S Chand Publications (S-Chand), a well-established educational content provider for schools, colleges and universities, has close to seven decades of experience in the business. Besides, they are making in-roads into the digital and entrance examinations segment as well.

The company is making an initial public offer, comprising fresh issue of ₹325 crore and an offer-for-sale of close to ₹400 crore. Of the fresh issue, the company expects to use ₹255 crore to repay its loan and use the rest (₹70 crore) for other corporate purpose. The consolidated debt-to-equity will come down from 0.8 to 0.2 times post issue.

At the upper end of the price band, the offer is being made at a price earning multiple of 33 times, when the projected earning of FY 18 is considered. Navneet Education, another listed entity in similar business, trades at around 26 times.

Strong brand recall among schools, teachers and students, good growth prospects and ongoing measures to increase its presence in the digital media, place S-Chand on a strong footing for the long-term. But due to the relatively high asking price and the small market capitalisation, only long-term investor with a high risk-taking capacity should invest in this offer. Others can accumulate the shares in market corrections.

Business segments

The K-12 segment that accounts for 77 per cent of the operating revenue has good earnings visibility due to S Chand’s strong brand proposition in the CBSE and ICSE segment. Although CBSE and ICSE schools account only for about 1 per cent of the 1.5 million schools in India, both CBSE and ICSE schools continue to expand at a healthy pace.
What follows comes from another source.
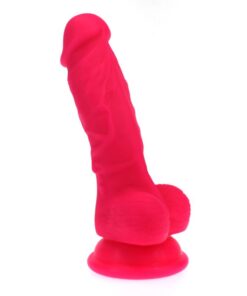 Realistic Dildo Veined Shaft w Balls Pink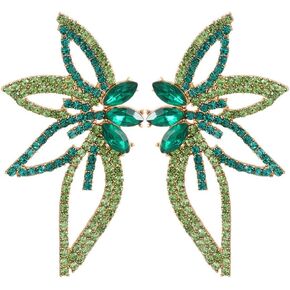 Denifery Butterfly Studs Earrings Boho Vintage Rhinestone Statement Earrings Angel Wings Crystal Earrings Shiny Leaf-shaped Flower Stud Earrings Wedding Jewelry Gifts for Wedding Prom Bride Bridesmaids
Besides, S Chand’s strong pan-India presence in print content in Science and Mathematics, the recent acquisition of Madhuban, Vikas and Saraswati brands that have well acclaimed academic content in subjects such as Hindi, French, languages and arts & crafts, will help the company strengthen its hold in this market.

The recent acquisition of Chhaya Prakashani, West Bengal based publishing company, should help S-Chand foray into the state board segment in the eastern regions of India. The company has plans to increase its market share across state board schools in different states.

Also, hybrid offerings (both print and digital contents) have contributed a meaty portion of the K-12 revenue.

The higher education segment (19 per cent of operating revenue), caters to colleges, university and competitive exams. Between FY2012 and FY2016, this segment is growing at a rate of about 15 per cent annually. A portion of revenue is also derived from early and vocational education training.

The company has a strong contractual relationship with nearly 2000 authors and co-authors. Of this, nearly 50 per cent of the operating revenue is contributed by 20 authors.

Risk and finances

On consolidating S-Chand’s and Chhaya’s financials, the gross revenue for FY 2016 stands at ₹667.6 crore. Revenue has grown at a CAGR of 40 per cent over FY2012 and FY2016. The operating profit margin for FY2016 was 26.4 per cent. The net profit for FY2016 is ₹56.7 crore with net profit margin at 8.5 per cent.

Interest cost that has grown at about 50 per cent CAGR to ₹30 crore between FY2012 and FY2016 should decrease post issue.

Since 80 per cent of the revenue is booked in the January-March quarter, there could be some pressure on working capital management. Also, increase in open source platforms for content sharing can induce pricing pressure for the company.